Under recent deals, Northwest Airlines employees will own up to 37.5 percent of the company's stock and have three seats on the board of directors, and Trans World Airlines employees will own 45 percent of the company as it emerges from bankruptcy. American Airlines and United Airlines are rumored to be considering similar deals.
"It's absolutely clear that employee ownership is going to play a major role" as the United States airline industry tries to put itself back on solid footing, says Rutgers University professor Joseph Blasi.
"It pretty much has to be done," adds Bill Whitlow, an analyst with Pacific Crest Securities in Seattle. US airlines have posted combined losses of $10 billion in the last three years. Labor costs have been a central point of competition, weighing down some of the leading carriers.
Employee ownership is changing labor relations in an industry that continues to see drawn-out contract disputes. But employee stock ownership is no panacea, Mr. Whitlow says, though he hopes such deals will align workers with shareholder interests.
Mr. Blasi says the stock-for-concessions deals, on one level, represent a payment to workers in exchange for productivity improvements and work-rule flexibility.

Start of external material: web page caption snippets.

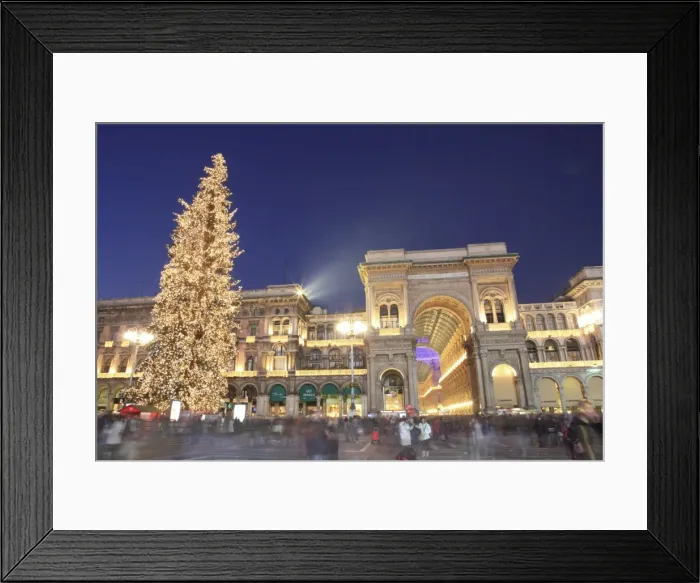 Framed Print : Christmas tree and Galleria Vittorio Emanuele entrance illuminated at dusk Framed Print : Christmas tree and Galleria Vittorio Emanuele entrance illuminated at dusk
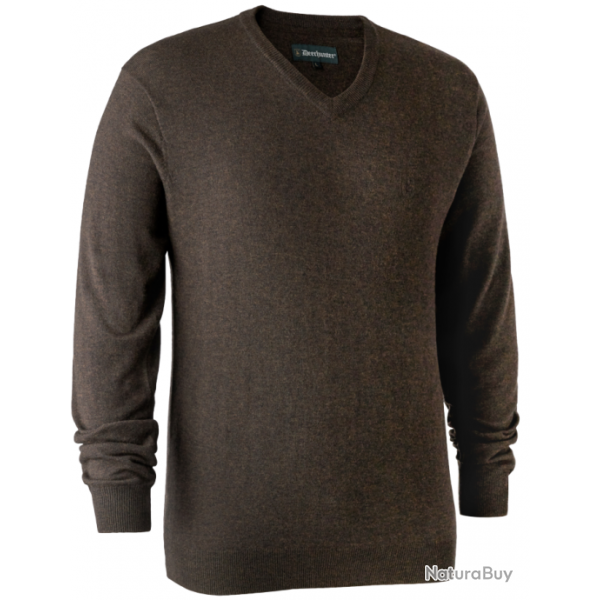 Pull en tricot col V Kingston marron DEERHUNTER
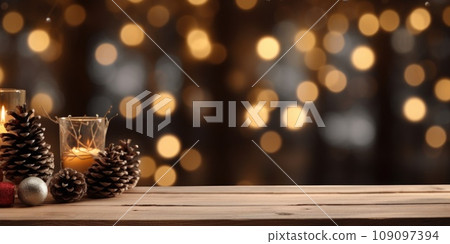 Merry Christmas and Happy New Year background with empty wooden table comeliness Merry Christmas and Happy New Year background with empty wooden table comeliness 109097394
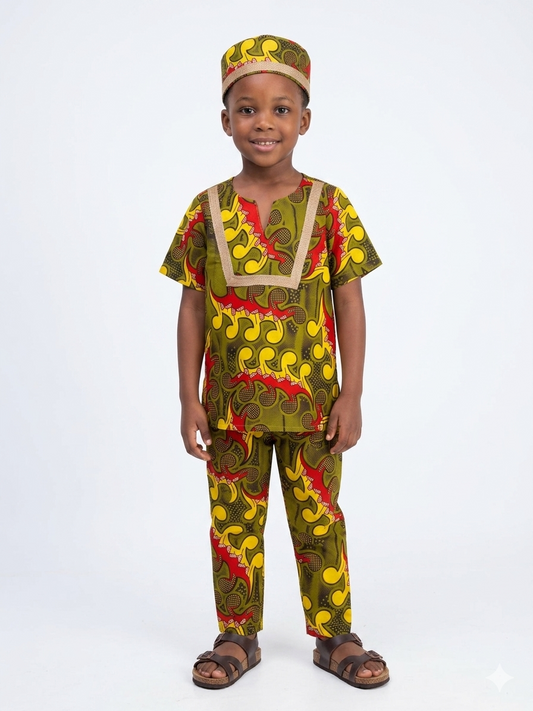 Conjunto Niño  Verde-Amarillo-Rojo (Etnia Negra)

But they can also play a deeper role of being a catalyst for labor-management cooperation, he says.
"The second goal is not automatically achieved," but will require work by both parties, says Blasi, coauthor of "The New Owners," a recent book on employee ownership.
He urges managers to develop teamwork with their new co-owners, and unions to choose board members who have the company's broad interests in view, rather than using the position solely to air grievances. At two now-defunct airlines, Eastern and Pan Am, "employee representatives on the board never really functioned properly," Blasi says.
THE shift from conflict to cooperation still appears to be more a goal than an industry norm.
A case in point is Alaska Airlines, a regional carrier based in Seattle. Last month, unionized flight attendants filed a lawsuit in federal district court alleging that management negotiated in bad faith. The two parties failed to agree to a new contract after about three years of talks, and in June the company imposed new work rules.
The atmosphere is acrimonious despite the fact that the company's new wage plan provides slightly higher salaries over a five-year period than what the union had offered. One big snag: The company has cut its annual pension contributions from 11 percent of employee wages to 7 percent. Another concern is a loss of flexibility in scheduling under the new rules.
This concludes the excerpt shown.